This document describes the DSL-based files with an extension .iml or .imp.
An .imp file is a file containing a standalone transliteration map. For
instance, a map that can transliterate a Korean file to a Latin file.
An .iml file is a file that contains a library of aliases and stages to be
used by the .imp maps. It follows the same format, but does not require the
metadata and tests parts to exist and doesn’t allow the main stage to exist.
This document describes the map version of the format if it isn’t noted
otherwise.
A # character is a comment character. This means, that the part that follows
a # character till the end of the line is ignored by Interscript, but exist to
communicate to a human reader the intention behind the content.

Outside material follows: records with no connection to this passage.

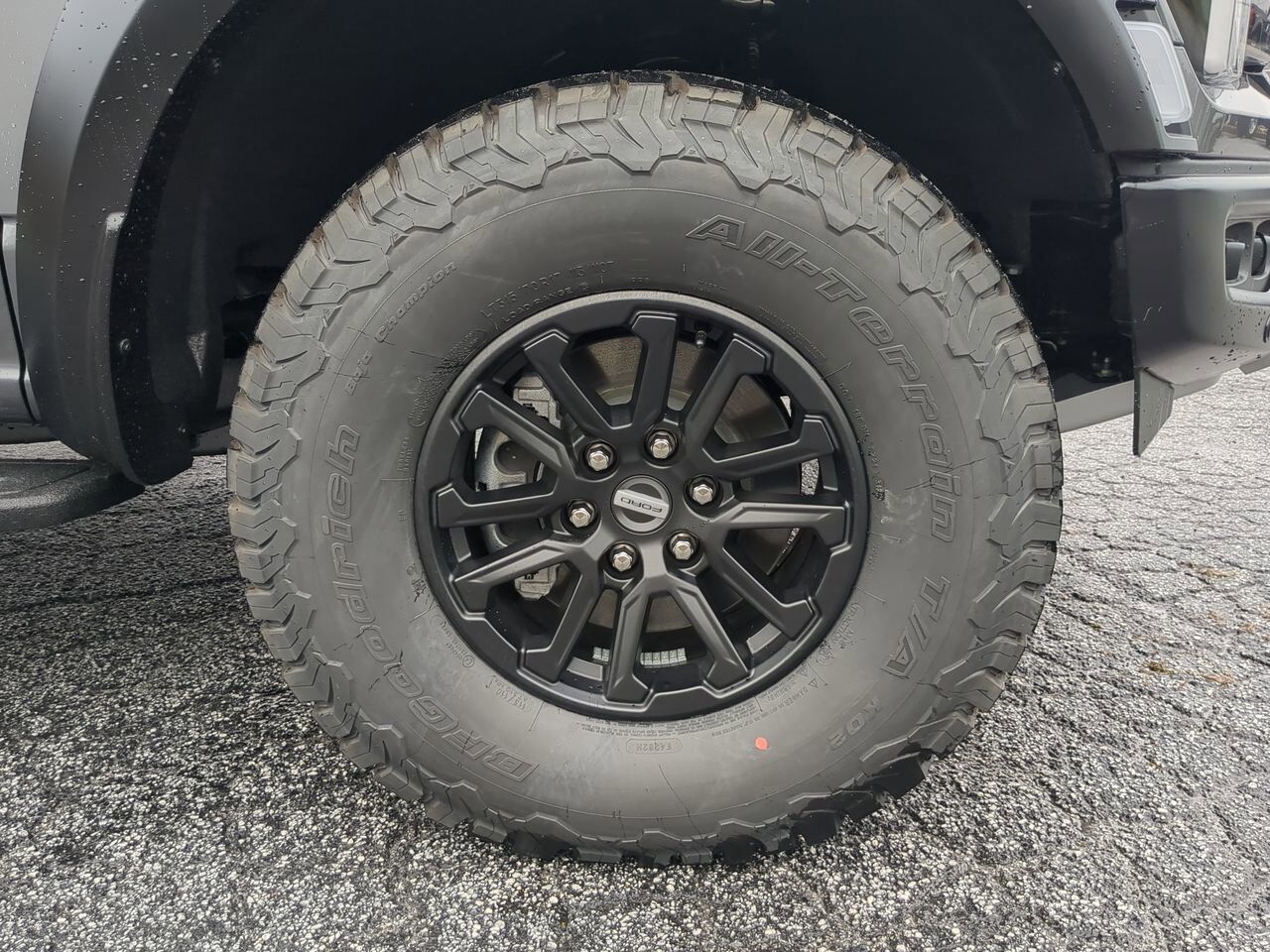 2025 Ford F-150 Raptor Winder GA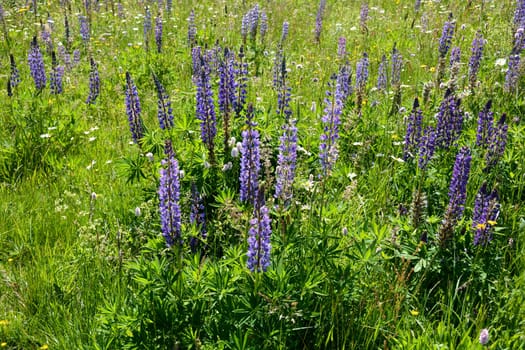 Green meadows with lots of purple lupins in the high Rhoen, Bavaria, Germany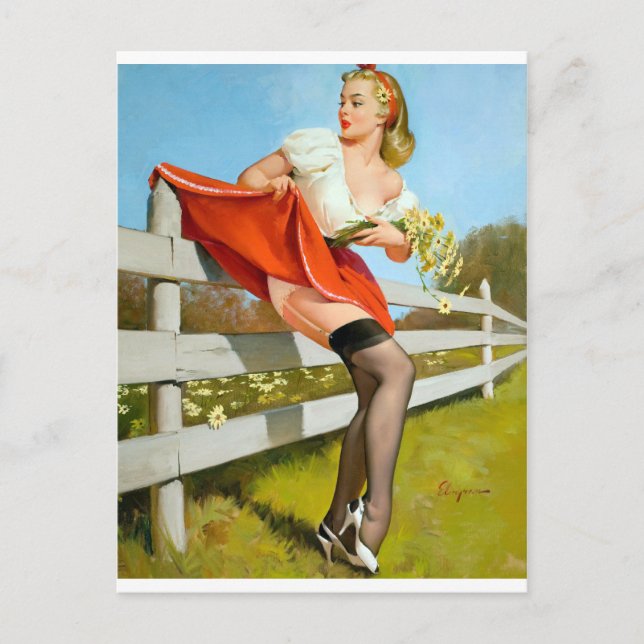 Krävs vid Fence Pin Up Vykort (Framsida)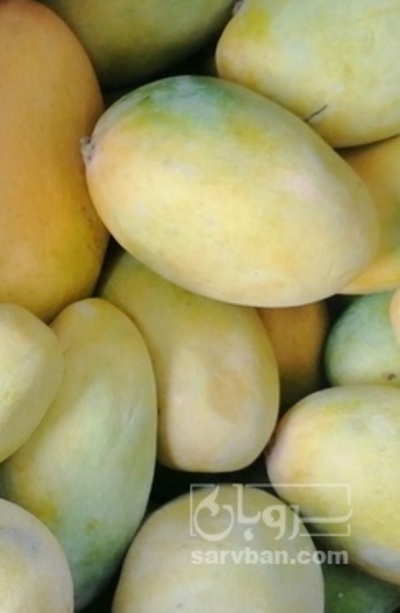 فروش انبه زرد محلی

In this document
it is most often a hint to a person reading this document.
A String is a part of the document of a form either: "content" or 'content'.
It denotes a group of characters to be used. It can be joined together using a
+ character like so: "a" + "b" which is equal to as if someone wrote just
"ab".
Except for the strings of the form 'content', all those forms can contain
escape forms like \u0410, which means "An Unicode character 0410". The usage
of those forms is discouraged in new maps, but possible.
An array (or a list) is a part of the document of a form ["a", "b", "c"]. It
means a sequential group of Strings, or other types.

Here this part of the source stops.